単純ランダムウォークの概要
最も単純なランダムウォークのモデル
一定時間ごとに$+1$、又は$-1$だけ移動する千鳥足の酔っ払いを考えてみます。完全にランダムに動くものとします。
例えば、次のように動いたとします。
$-1,+1,+1,+1,+1,-1,+1,-1+1,-1-1$
この時、それぞれの動きを確率変数と捉えることができます。
$X_1=-1, X_2=+1, X_3=+1, X_4=+1, X_5=+1, X_6=-1,…$
このような確率変数の並びを確率過程と呼びます。
n歩目に酔っ払いはどこにいるのか?
酔っ払いの位置は、確率変数の総和で決まります。
$0$歩目 ⇒ $0$
$1$歩目 ⇒ $-1$
$2$歩目 ⇒ $-1+1=0$
$3$歩目 ⇒ $-1+1+1=+1$
$4$歩目 ⇒ $-1+1+1+1=+2$
:
$n=0$だと$0$、$n=4$だと初期位置から$+2$の位置にいます。
このようにして得られた離散的な時系列を「単純ランダムウォーク」と呼称します。
単純ランダムウォークの期待値と分散
期待値
それぞれの確率変数は、$+1$か$-1$のどちらかしか取りません。ここで、$+1$を取る確率$p=0.7$、$-1$を取る確率$q=0.3$と置きます。

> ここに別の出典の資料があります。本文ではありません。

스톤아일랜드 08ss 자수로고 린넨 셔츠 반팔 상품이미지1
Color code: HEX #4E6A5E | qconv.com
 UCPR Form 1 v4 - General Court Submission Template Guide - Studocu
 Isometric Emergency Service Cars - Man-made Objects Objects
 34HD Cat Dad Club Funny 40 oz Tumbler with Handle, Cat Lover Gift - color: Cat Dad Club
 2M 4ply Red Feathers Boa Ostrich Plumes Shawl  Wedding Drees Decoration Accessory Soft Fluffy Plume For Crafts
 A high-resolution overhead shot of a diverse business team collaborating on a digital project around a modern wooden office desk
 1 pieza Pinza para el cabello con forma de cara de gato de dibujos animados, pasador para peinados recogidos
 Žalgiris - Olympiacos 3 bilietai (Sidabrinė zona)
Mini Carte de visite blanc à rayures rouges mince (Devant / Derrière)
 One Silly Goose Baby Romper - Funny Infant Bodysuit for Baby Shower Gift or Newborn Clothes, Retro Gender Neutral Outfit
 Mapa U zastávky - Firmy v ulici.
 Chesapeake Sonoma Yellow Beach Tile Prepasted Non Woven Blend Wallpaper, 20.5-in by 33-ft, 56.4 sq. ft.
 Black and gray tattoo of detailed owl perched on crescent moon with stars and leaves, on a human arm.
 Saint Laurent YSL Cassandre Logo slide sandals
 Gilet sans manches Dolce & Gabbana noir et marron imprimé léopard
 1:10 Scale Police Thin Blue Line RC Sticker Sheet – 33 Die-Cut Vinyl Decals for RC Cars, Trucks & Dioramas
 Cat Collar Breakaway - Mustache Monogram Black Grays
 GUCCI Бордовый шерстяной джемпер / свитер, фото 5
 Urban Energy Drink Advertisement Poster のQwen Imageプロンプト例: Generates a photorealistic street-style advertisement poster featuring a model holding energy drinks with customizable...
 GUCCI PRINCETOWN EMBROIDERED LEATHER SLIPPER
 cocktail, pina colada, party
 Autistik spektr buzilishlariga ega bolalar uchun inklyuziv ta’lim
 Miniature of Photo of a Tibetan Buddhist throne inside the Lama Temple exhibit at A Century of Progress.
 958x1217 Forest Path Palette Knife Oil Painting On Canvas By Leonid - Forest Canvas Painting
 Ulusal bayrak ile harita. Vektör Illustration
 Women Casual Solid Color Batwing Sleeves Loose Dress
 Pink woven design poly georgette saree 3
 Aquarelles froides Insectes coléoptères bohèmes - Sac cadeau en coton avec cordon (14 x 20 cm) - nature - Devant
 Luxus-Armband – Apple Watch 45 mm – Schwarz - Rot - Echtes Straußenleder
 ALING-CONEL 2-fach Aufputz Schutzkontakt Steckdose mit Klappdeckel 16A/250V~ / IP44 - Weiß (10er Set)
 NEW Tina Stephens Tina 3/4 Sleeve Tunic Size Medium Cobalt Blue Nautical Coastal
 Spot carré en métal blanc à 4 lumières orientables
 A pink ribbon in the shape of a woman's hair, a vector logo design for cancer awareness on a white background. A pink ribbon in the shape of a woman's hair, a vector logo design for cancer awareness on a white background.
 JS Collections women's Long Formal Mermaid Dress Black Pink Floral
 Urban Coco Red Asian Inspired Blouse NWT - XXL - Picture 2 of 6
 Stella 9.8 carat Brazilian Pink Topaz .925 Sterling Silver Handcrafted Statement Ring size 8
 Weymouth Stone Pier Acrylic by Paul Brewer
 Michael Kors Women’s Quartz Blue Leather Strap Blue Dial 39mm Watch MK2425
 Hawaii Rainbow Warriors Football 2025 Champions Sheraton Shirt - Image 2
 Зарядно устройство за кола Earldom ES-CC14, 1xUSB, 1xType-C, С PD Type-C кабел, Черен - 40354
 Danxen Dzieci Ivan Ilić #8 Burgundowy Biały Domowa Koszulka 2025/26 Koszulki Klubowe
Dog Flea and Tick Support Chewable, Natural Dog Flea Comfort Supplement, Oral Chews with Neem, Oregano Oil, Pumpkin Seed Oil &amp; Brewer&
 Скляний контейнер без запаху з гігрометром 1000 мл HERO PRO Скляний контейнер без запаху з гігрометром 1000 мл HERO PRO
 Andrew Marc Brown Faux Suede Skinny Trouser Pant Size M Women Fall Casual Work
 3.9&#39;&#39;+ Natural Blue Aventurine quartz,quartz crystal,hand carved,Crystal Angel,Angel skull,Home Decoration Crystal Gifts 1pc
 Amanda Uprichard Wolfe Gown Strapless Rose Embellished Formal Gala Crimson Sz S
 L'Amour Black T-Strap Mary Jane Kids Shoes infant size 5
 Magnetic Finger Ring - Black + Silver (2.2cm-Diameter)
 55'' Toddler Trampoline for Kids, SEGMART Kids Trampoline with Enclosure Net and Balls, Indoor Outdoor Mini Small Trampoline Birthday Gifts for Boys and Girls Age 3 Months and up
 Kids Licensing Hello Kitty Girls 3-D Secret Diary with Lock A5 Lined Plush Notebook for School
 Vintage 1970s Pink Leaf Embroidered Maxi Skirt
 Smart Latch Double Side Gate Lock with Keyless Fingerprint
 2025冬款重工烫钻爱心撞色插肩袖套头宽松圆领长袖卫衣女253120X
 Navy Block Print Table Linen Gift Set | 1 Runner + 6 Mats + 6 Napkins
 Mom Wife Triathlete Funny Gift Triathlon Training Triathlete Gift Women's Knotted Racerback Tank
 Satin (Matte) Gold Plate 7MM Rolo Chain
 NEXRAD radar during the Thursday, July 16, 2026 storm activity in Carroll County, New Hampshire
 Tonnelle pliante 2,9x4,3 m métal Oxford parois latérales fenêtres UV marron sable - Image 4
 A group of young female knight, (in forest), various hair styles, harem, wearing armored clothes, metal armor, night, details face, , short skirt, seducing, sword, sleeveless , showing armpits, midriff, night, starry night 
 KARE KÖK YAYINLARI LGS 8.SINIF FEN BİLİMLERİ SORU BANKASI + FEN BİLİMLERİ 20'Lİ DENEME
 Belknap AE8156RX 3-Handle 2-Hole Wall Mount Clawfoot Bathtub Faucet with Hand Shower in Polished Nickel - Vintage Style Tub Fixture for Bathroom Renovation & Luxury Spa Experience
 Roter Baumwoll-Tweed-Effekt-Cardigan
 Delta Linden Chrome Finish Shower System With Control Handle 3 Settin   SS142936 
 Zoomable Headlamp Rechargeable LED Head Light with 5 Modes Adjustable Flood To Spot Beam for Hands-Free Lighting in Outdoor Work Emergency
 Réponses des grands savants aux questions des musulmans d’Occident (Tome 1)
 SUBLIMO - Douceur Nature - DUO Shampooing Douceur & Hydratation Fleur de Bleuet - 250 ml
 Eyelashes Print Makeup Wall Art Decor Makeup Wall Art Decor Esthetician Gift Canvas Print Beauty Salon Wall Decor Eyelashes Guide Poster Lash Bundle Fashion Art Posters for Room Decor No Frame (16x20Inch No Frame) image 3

このような仮定を置くと、$n$歩目にどこの位置にいるかはある程度予測することができます。$+1$を取って前に進む可能性の方が高いため、時間が長くなるにつれ前に進んでいく傾向になりそうです。
酔っ払いの位置は、確率変数の総和によって決まるため、$n$歩目の総和を$S_n$と置きます。$S_n$の期待値$E(S_n)$はどうなるのでしょうか。
記号の意味
- $S$は$Summation$(合計)
- $E$は$Expected\ value$(期待値)
$E(S_n)=E(X_1+X_2+X_3+X_4…X_n)$
期待値の性質から「和の期待値=期待値の和」であるため、
$E(S_n)=E(X_1+X_2+X_3+X_4…X_n)$
$=E(X_1)+E(X_2)+E(X_3)+E(X_4)…E(X_n)$
ここで例えば期待値$E(X_1)$を考えると、
$E(X_1)=+1×p+(-1)×q$
$=p-q$$…(1)$
であり、それぞれの期待値は同じ確率変数と確率分布を持つ等価なものであるから、
$E(S_n)=E(X_1)+E(X_2)+E(X_3)+E(X_4)…E(X_n)$
$=nE(X)$
$=n(p-q)$
$p=0.7,q=0.3$を代入すると、
$E(S_n)=n(p-q)$
$=n(0.7-0.3)$
$=n×0.4$
歩数が多くなると徐々に前に進んでいくことが分かりました。
分散
$n$歩目の酔っ払いの位置の分散を考えます。
$V(S_n)=V(X_1+X_2+X_3+X_4…X_n)$
記号の意味
- $V$は$Variance$(分散)
確率変数が独立であれば「和の分散=分散の和」であるから、
$V(S_n)=V(X_1+X_2+X_3+X_4…X_n)$
$=V(X_1)+V(X_2)+V(X_3)+V(X_4)…V(X_n)$
ここでそれぞれの分散は等価であるから、
$V(S_n)=V(X_1)+V(X_2)+V(X_3)+V(X_4)…V(X_n)$
$=nV(X)$$…(2)$
次の公式を利用して分散$V(X)$を求めます。
なお、分散の定義式から当該公式の導出はページの末尾に参考として記載いたします。
$V(X)=E(X^2)-\{E(X)\}^2$$…(3)$
$X$は$+1,-1$しか取らないため、$X^2$は必ず$1$になる。よって、$(3)$の$E(X^2)$の項は次の通りとなる。
$E(X^2)=X^2×p+X^2×q$
$=(+1)^2×0.7+(-1)^2×0.3=1$
この計算結果と$(1)$を、$(3)$の式に代入すると、
$V(X)=1-(p-q)^2$
$q=1-p$であるため、
$=1-(p-(1-p))^2$
$=1-(p-1+p)^2$
$=1-(2p-1)^2$
$=1-(4p^2-4p+1)$
$=-4p^2+4p$
$=4p-4p^2$
$=4p(1-p)$
$=4pq$$…(4)$
$(4)$の計算結果を、$(2)$に代入します。
$V(S_n)=4npq$
$p=0.7,q=0.3$を代入すると、
$V(S_n)=4n×0.7×0.3$
分散も、歩数が進むにつれて大きくなることが分かりました。
単純ランダムウォークのグラフ
$p=0.7$でプロット
エクセルで乱数を生成し、$p=0.7$で複数のグラフをプロットしてみました。
ランダムウォークの特徴
短期的には予測不可能なランダムな動きをしながらも、長期的には$p=0.7$の方向性に推移していることが分かります。また、時間経過と共にブレも大きくなっており、分散が逓増しています。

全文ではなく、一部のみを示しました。